15 Mar 2021 What are the different types of transfer protocols available?
Before implementing a secure file transfer solution, it is good to know the basics of protocols that are involved in the secure transmission of data.
by Eloïse Gruber
The FTP file transfer protocol is a popular transfer method that has been around for decades. FTP exchanges data using two separate channels: the command channel to authenticate the user and the data channel to transfer files.
However, these two FTP channels are not encrypted, which implies that the data sent has a risk of being exploited even if it requires a username and password to authenticate access.
Short for FTP, FTPS is a secure file transfer protocol that allows you to transfer files securely through SSL/TLS (Secure Sockets Layer/ Transport Layer Security). FTPS transfers can be authenticated by support methods, such as customer certificates, server certificates and passwords.
SFTP stands for FTP part SSH (Secure Shell). This is a secure FTP protocol that is an excellent alternative to unsecured FTP tools or manual scripts. SFTP allows data to be exchanged via an SSH connection that provides a high level of protection for file sharing between systems, cloud, collaborators, etc.

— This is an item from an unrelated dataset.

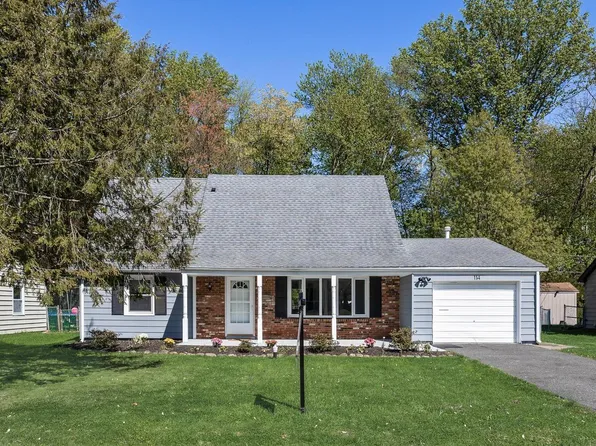 114 Eastbrook Ln, Willingboro, NJ 08046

Like FTPS and SFTP, TFTP is based on the FTP protocol. TFTP (Trivial File Transfer Protocol) is a simple transfer protocol that allows you to send and receive files. TFTP is used when the reliability of the file is known and no security is required when sending or receiving the file because authentication and encryption of the data are not possible. Anyone who knows the path can download the files. This is not the most secure transfer solution.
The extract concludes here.